PROBLEM TO SOLVE: In the entries that follow, repeat exactly the lines from the one that has "Au Do'Mayne des" through the one that has "Snoopy - Highlighter", but omit pictures.
─── DATA RECORDS
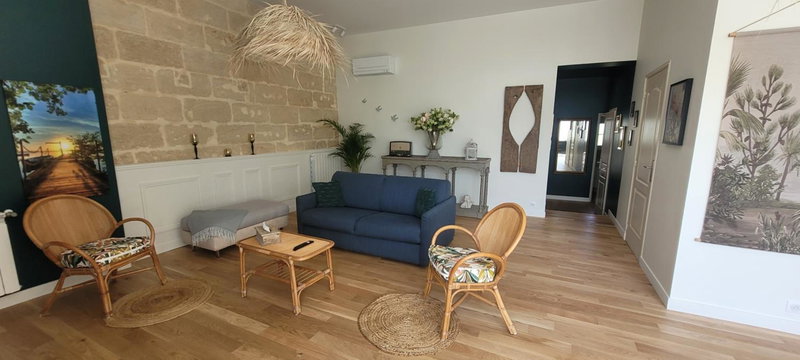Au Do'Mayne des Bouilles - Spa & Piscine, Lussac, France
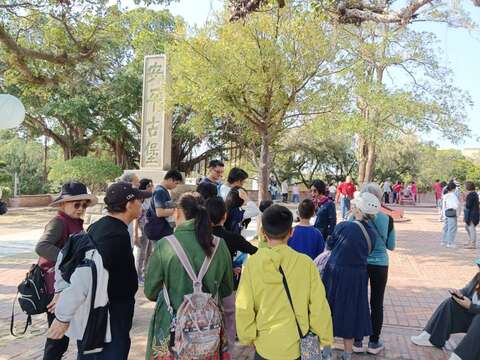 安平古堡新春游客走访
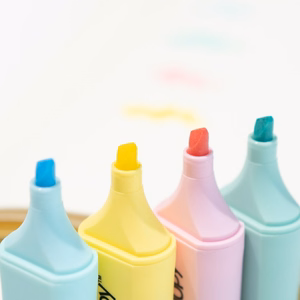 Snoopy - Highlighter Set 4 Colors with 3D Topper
──────
─── DATA RECORDS
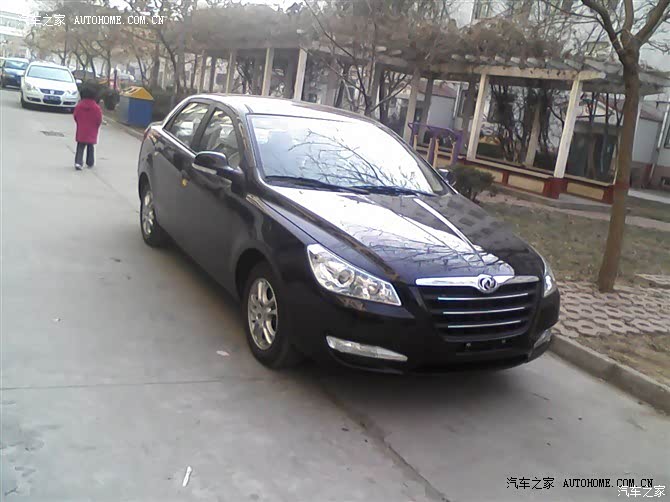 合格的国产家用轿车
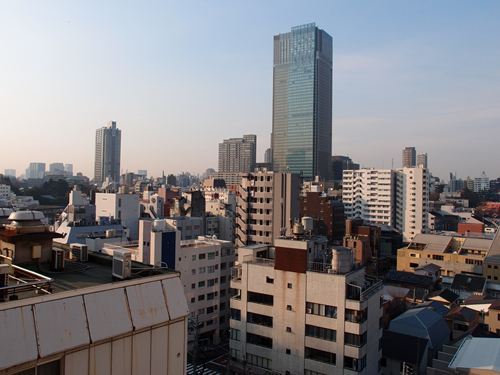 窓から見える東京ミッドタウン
──────
RESULT:
Au Do'Mayne des Bouilles - Spa & Piscine, Lussac, France
 安平古堡新春游客走访
 Snoopy - Highlighter Set 4 Colors with 3D Topper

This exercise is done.